O amanhecer cinzento do terceiro dia encontrou a tripulação operando os remos para levá-los até uma doca em Boannda. Tratava-se de uma cidade de tamanho considerável, maior que Samara, em uma ponta de terra onde o ligeiro rio Boern, que descia de Jehannah, desaguava no Eldar, mais lento. Havia inclusive três torres dentro das altas muralhas cinzentas, e um edifício branco reluzindo sob um telhado vermelho que decerto poderia se passar por um palácio, ainda que pequeno. Quando o Serpente do Rio foi bem atado às pesadas estacas na extremidade de uma das docas — estacas que estavam enterradas até a metade em lama seca —, Nynaeve se perguntou em alto e bom som por que Neres havia se dado ao trabalho de ir até Samara quando poderia ter descarregado seus produtos ali.

Elayne apontou com a cabeça para um homem robusto que estava na doca, usando uma corrente com algum tipo de sinete pendurado na altura do peito. Havia vários outros como ele, todos com a corrente e um casaco azul, observando com atenção dois outros navios bem grandes descarregarem nas demais docas.

— Fiscais coletores da rainha Alliandre, eu diria. — Tamborilando os dedos na amurada, Neres não estava olhando para os homens com a mesma atenção com que eles observavam as outras embarcações. — Talvez tivesse algum acerto com o pessoal de Samara.
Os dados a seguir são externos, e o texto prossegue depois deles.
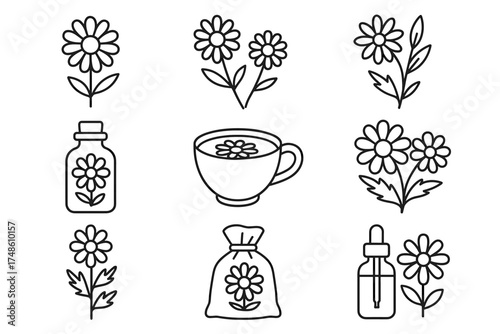 Chamomile symbols: tea, flowers, botanical products in line art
Acho que ele não quer papo com esses aí.

Ignorados pelos fiscais coletores, os homens e mulheres de Samara marcharam relutantes pela prancha. Pessoas não passavam por procedimentos alfandegários. Para os samaranos, era o início das incertezas. Tinham a vida pela frente, e, para começar de novo, possuíam apenas o local onde estavam e o que Nynaeve e Elayne lhes dera. Antes que todos tivessem chegado na metade da doca, ainda andando em grupo, algumas das mulheres já começavam a parecer tão desanimadas quanto os homens. Alguns até começaram a chorar. O rosto de Elayne era pura preocupação. Sua vontade sempre era cuidar de todos. Nynaeve torceu para que Elayne não descobrisse que ela doara mais algumas moedas de prata para uma ou outra mulher.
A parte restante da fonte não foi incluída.